Tony Soprano a cette ambiguïté qui fait toute l'originalité de son personnage: c'est un despote attachant. "Quand il fait pression sur ses ennemis, il alterne la séduction (sa voix), la persuasion, au sens argumentatif, et la menace", rajoute-t-elle.
Donald Trump rappelle le personnage du mafioso dans "Les Sopranos" parce que l'on peut imaginer que lui-même a quelque chose de victimaire, que lui-même a souffert.
Du spectacle
Le milliardaire américain est un pur produit de la télévision, une excroissance du monde du spectacle. On se rappelle qu'il avait acquis un statut de vedette grâce à l'émission de téléréalité "The Apprentice" (NBC).
Dix ans durant, le programme bénéficie d'un succès grandissant: les téléspectatrices et téléspectateurs s’identifient à certains participants ou situations. Trump valorise l’audace et le carriérisme, mais également la résilience face à l’échec. Il incarne les valeurs du "rêve américain". Et le public adhère.

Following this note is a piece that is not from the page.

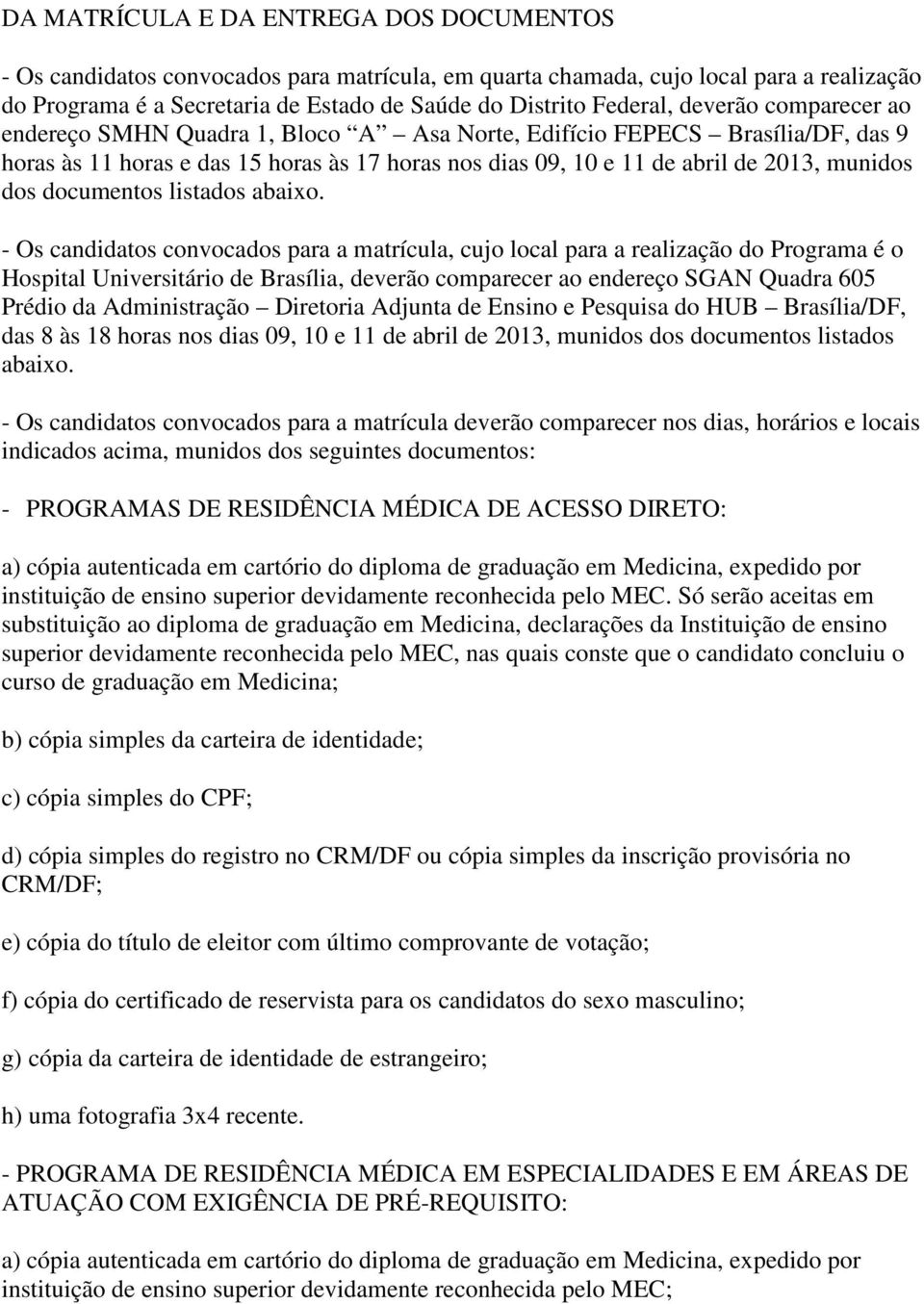 documentos listados abaixo.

Pour Mariette Darrigrand, le bientôt futur ex-président introduit de la narrativité dans un discours politique qui n'en a plus. "Le discours politique mobilisateur donne des échéances. Trump a remplacé cette grande vision du futur par la petite vision de la télévision, substitué à l'échéancier du feuilleton: la suite, demain ou la semaine prochaine".

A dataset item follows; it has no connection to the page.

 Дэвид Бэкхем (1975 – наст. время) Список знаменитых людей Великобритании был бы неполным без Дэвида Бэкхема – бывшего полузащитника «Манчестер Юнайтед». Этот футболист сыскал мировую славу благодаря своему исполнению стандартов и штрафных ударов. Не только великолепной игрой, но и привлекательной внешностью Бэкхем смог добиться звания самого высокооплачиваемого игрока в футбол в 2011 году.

Sa parole performative (capacité à produire, influencer, voire à transformer une situation) a bouleversé la communication politique. Il a imposé de nouveaux codes narratifs qui ont captivé le grand public. Son storytelling tire profit des biais cognitifs qui amalgament le fictionnel et le factuel.
La Trump TV
Les scènes de chaos au Capitole ont choqué non seulement l'Amérique mais aussi le monde entier. Donald Trump avait appelé ses sympathisants à se diriger vers le Congrès pour faire pression sur les élus républicains. Il leur a ensuite demandé de "rentrer à la maison" malgré "le vol" de son élection. Comment ne pas penser à l'ambitieux et impitoyable personnage de Francis Underwood, incarné par l'acteur Kevin Spacey, dans "House of Cards" qui était prêt à tout pour accéder au poste ultime? Un personnage qui sème la terreur à Washington, comme Trump.

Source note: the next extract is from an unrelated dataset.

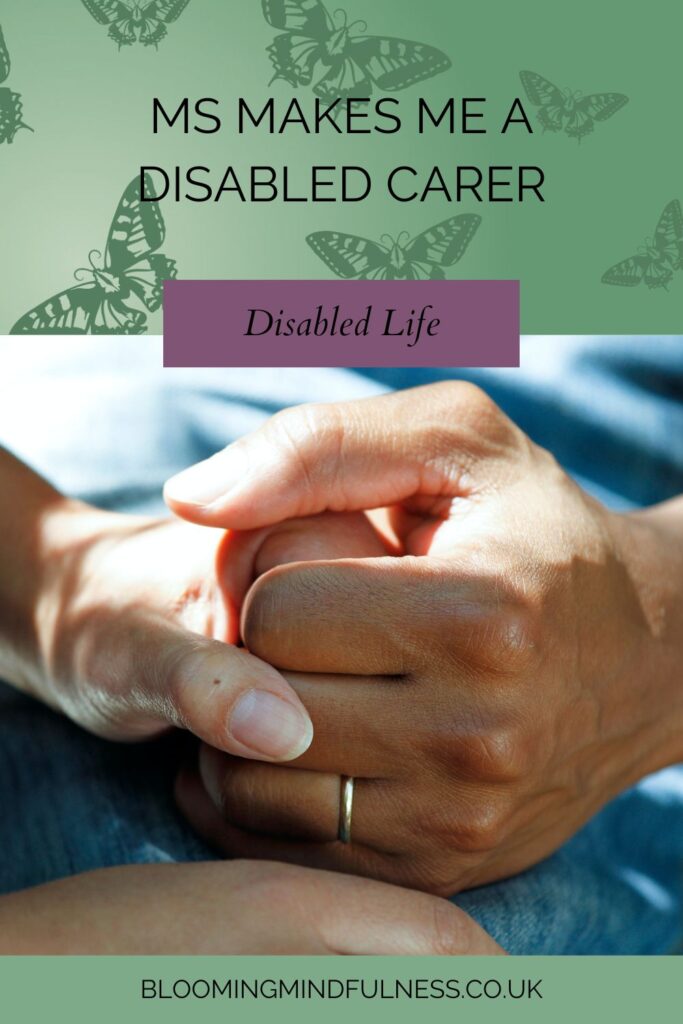 MS makes me a disabled carer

Même après son départ de la Maison Blanche, il restera sur nos écrans. "Il ne peut pas vivre sans se voir dans la lucarne, à la fois produit de la télévision et victime de la télévision. S'il ne se voit pas sur le petit écran, il a l’impression de ne pas exister", lit-on dans un article du Baltimore Sun. Regarder Fox News lui a pris plus de temps que de faire son job de président.
Grâce a des décennies de présence dans les médias, Donald Trump est devenu, à l'insu de son plein gré, une chaîne d'information en continu à forme humaine, avide de conflits, de bruits, de menaces, de scandales et de manipulations.
Il est devenu un bouton sur le télécommande de l’Amérique. Le restera-t-il?